Will the comics industry resolve to take care of its own?
Over the holidays, writer Peter David announced on his blog that he had suffered a stroke. On New Year’s Eve, his wife Kathleen explained more, and another update followed Tuesday. She’s planning to let people know of David’s recovery on a daily basis.
Our thoughts are definitely with him and his family and friends. As the husband of someone with multiple sclerosis and lupus, I can somewhat relate to what they’re going through. A health scare like what they’re going through is just that, scary. Really, it’s downright terrifying. In addition to the emotional response and challenging medical decisions to be made, there’s also the question of how to pay for the ambulance ride, CAT scan, MRI, multiple other tests, medication, physical therapy, and whatever else. I don’t know David’s healthcare situation, but it reminded me how many freelancers and self-employed workers, which is the vast majority of comic book creators, have little to no healthcare benefits of any kind.
Rantz Hoseley recently sent out to creators and other industry figures a rough outline for a proposed American Sequential Arts Guild, which would include access to healthcare coverage for members. Note that he is not proposing a union, but instead an advocacy group. Some discussion ensued, like on this thread at The Beat. But I haven’t seen much movement since. Perhaps it’s happening privately, but based on past incidents, I fear it’s not.
In 2010, Tony Harris was working on creating the Sequential Arts and Entertainment Guild (SAEG, pronounced “sage”). Discussions were held on Twitter, and it seemed like some momentum was gathering, with professionals like Steve Niles and Ron Marz joining in, and allegedly some “big names” expressing interest.
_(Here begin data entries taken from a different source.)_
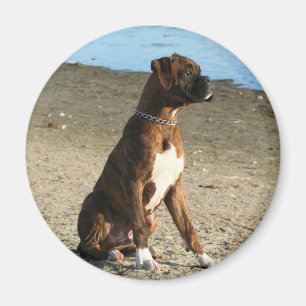 Íman Ímã rajado do filhote de cachorro do pugilista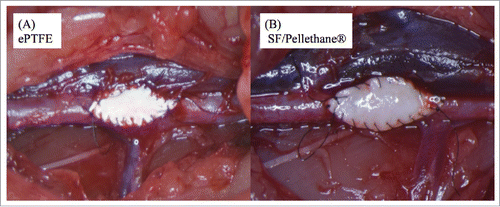 FIGURE 1. (A) ePTFE showed blood leakage from the suture site. (B) SF/Pellethane® swelled due to water absorption and blood did not leak.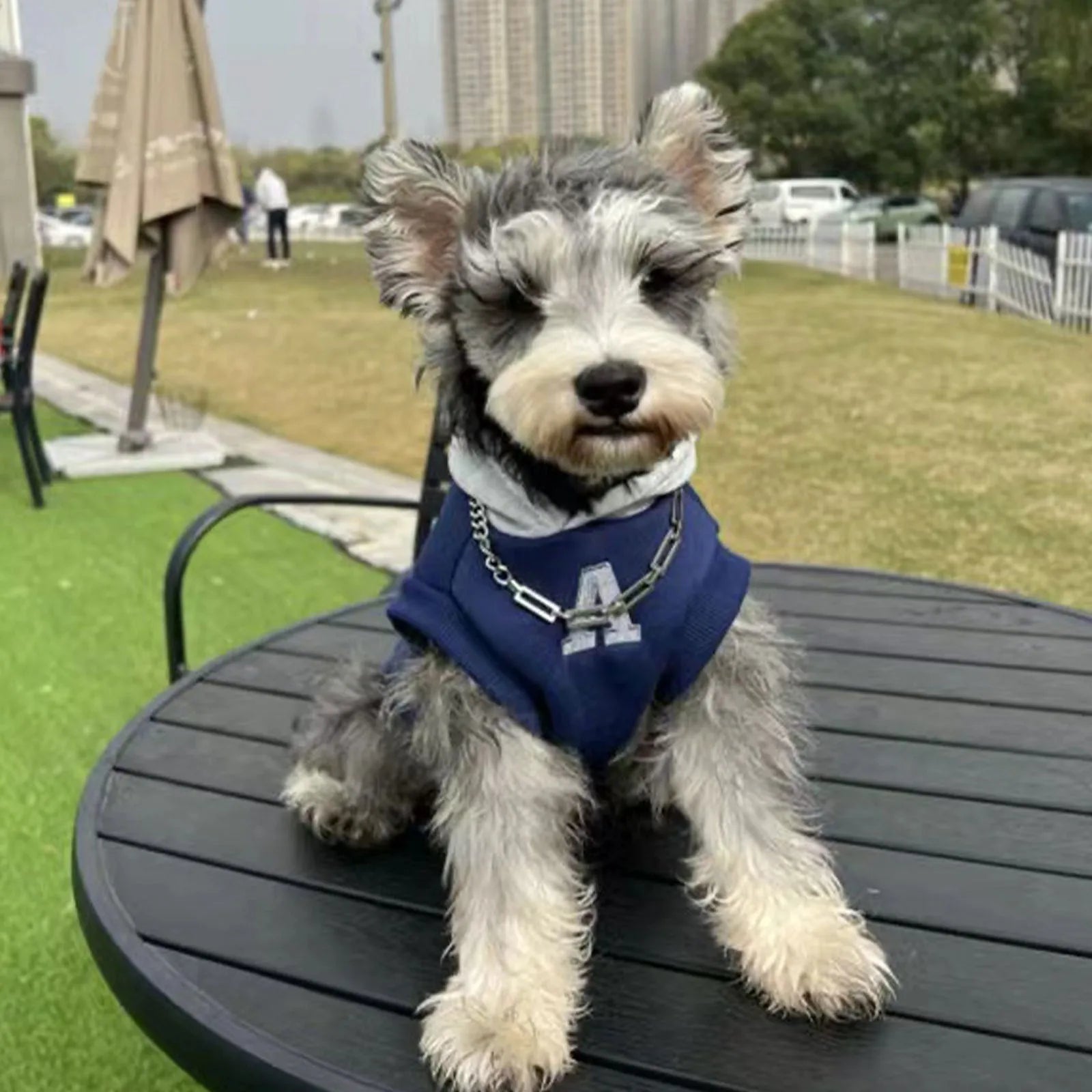 Blue and grey-white slim-fitting pet hoodie with reflective letters for cats and dogs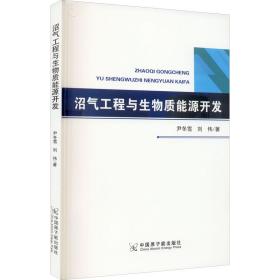 沼气工程与生物质能源开发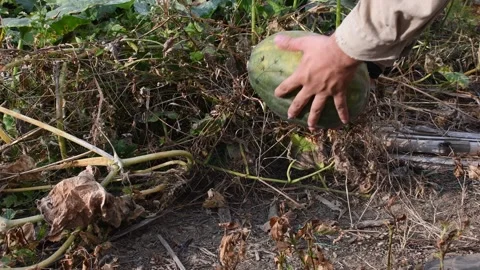 Farmer harvesting pumpkins Stock Footage 300908494
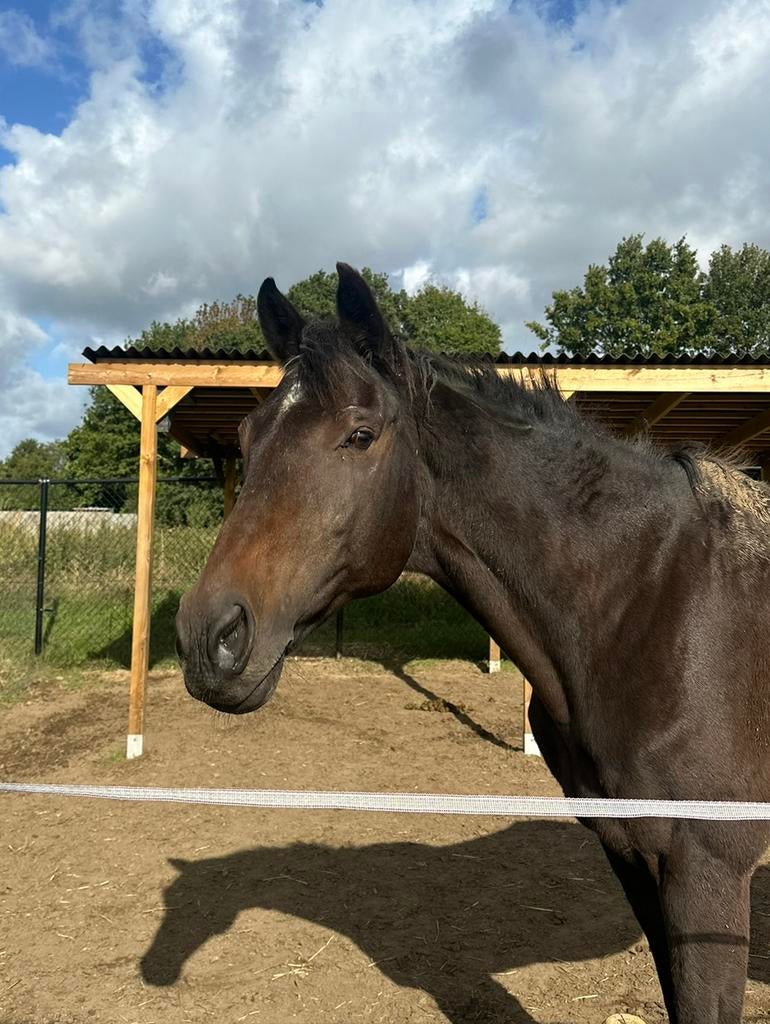 Wandelpaard / weidemaatje / recreatie, Dieren en Toebehoren, Met stamboom, Ruin, L, 11 jaar of ouder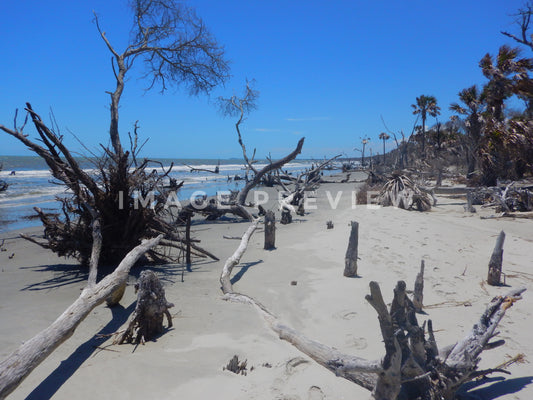 Photo - Driftwood trees on barrier Island beach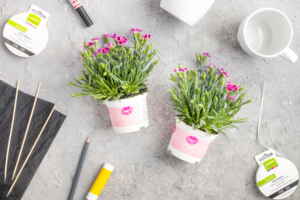 Material für das DIY-Blumengeschenk in der Tasse von Pink Kisses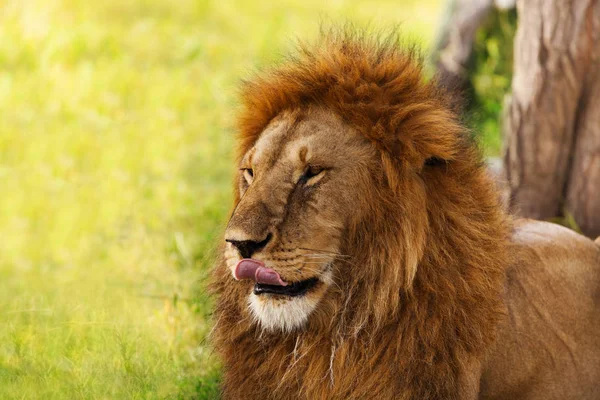 Old lion licking lips — Stock Photo, Image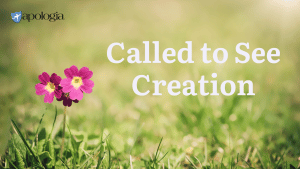 Called to See Creation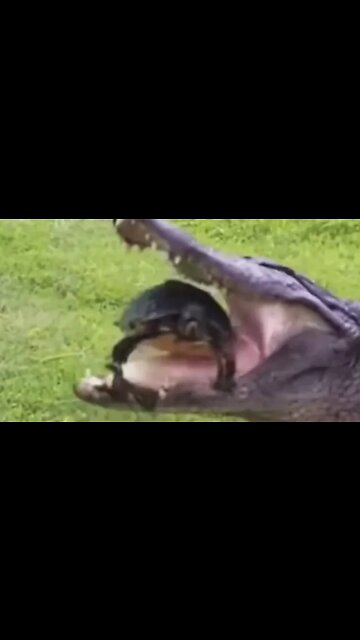 ALLIGATOR tries to EAT TURTLE…. FAILS! BIBLE STUDY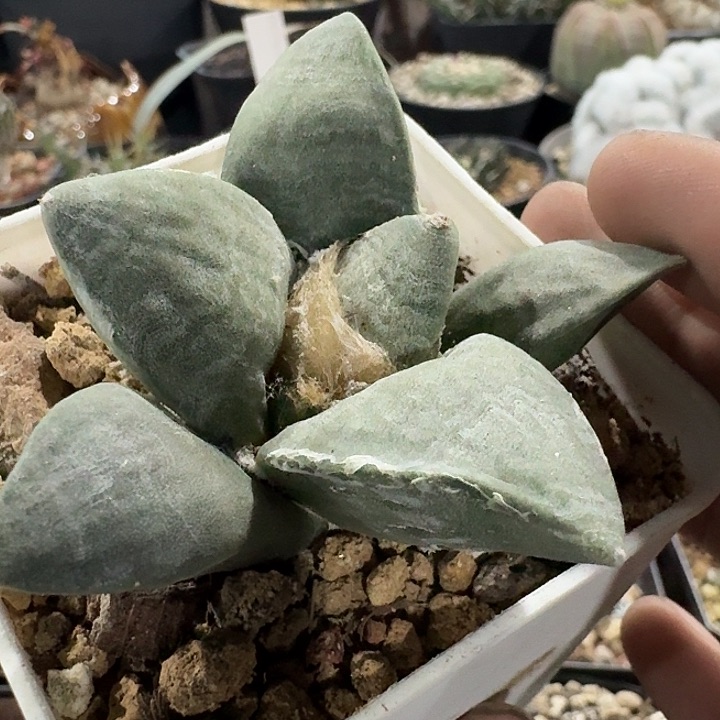 白肌青瓷牡丹实生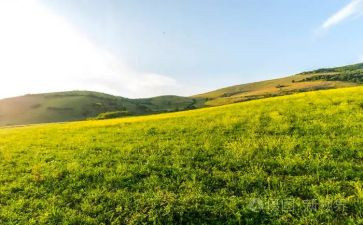 大班科学《天气》教案参考5篇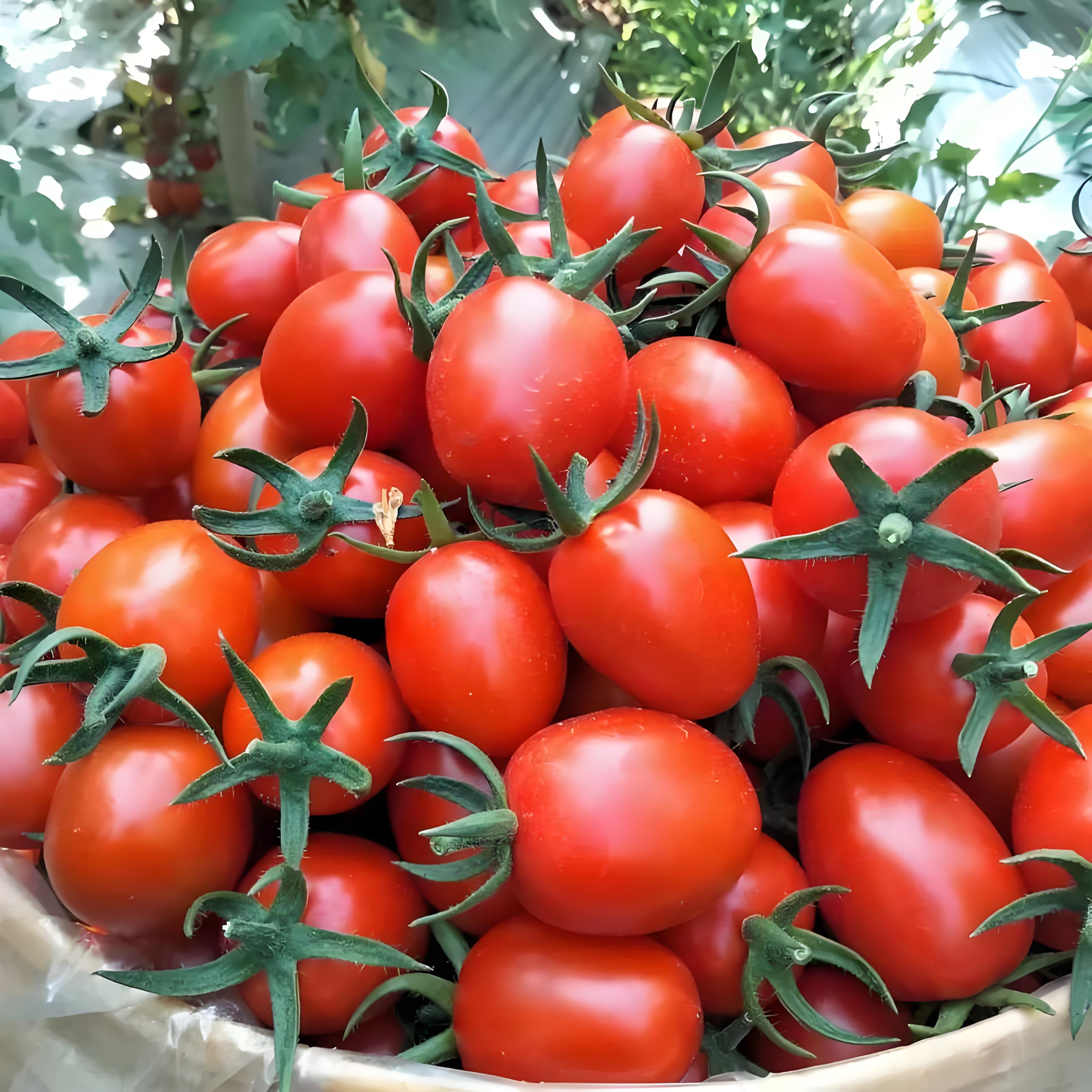 有机圣女果3斤樱桃番茄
But nothing ever came of it.
The only time the comics industry has successfully had a guild was briefly in 1978. Neal Adams formed the Comics Creators Guild, which had a healthy roster of the day’s top creators as members. Unfortunately the “DC Implosion” of ’78 left too many people unemployed and it fizzled away.
There is the National Cartoonists Society and more regional organizations, such as the Comic Art Professional Society and Comicbook Artists Guild, but they are primarily focused to providing networking opportunities. There are guilds and unions that can help portions of the industry, such as the Writers Guild of America (West and East) and the Graphic Artists Guild, and while they may fulfill the need for healthcare assistance, they aren’t as familiar with the unique situations of the comics industry and may not always consider comics work as a qualifying job. Plus relying on those other organizations still leaves colorists, letterers, independent editors and others out in the cold.
So is a comics guild possible? I hope so, but there are significant hurdles.
First are the geographic challenges. The comic book industry is most decidedly an international field. While the largest publishers are located in the United States, they utilize freelancers from across the globe. By the title he offers, Hoseley seems to be limiting his version to Americans, but that would eliminate a significant percentage of participants and weaken what the guild could accomplish. Including them in healthcare insurance might be difficult because of differing laws from country to country. For citizens of Canada and other countries that provide full healthcare coverage, health insurance may not even be a compelling reason to become a member.
Second is the different concerns for freelancers versus creators that work on their own creator-owned comics or webcomics. Hoseley’s guild seems most focused on freelancers, but self-employed creators don’t need to worry about fair page rates from publishers. For a guild to survive, it needs to be beneficial to as much as the industry as possible. And that means not just people working for Marvel and DC, but every sector of the industry: mid-sized publishers, small publishers, creators who work mostly in the book trade with graphic novels, producers of comic strips, minicomics, webcomics, digital comics and more. Are the needs of all of these people too varied? Can a single entity fairly represent everyone?
For those that suddenly find themselves in a frightening situation like Peter David does now, the industry really owes it to its creators to provide some kind of support that other industries provide. The Hero Initiative has been helping cover medical and other expenses for creators in need for a number of years now, but it’s high time that something more than an emergency safety net with limited resources be put into place. With the New Year, it’s time comics resolve to work together for some kind of form long-term solution.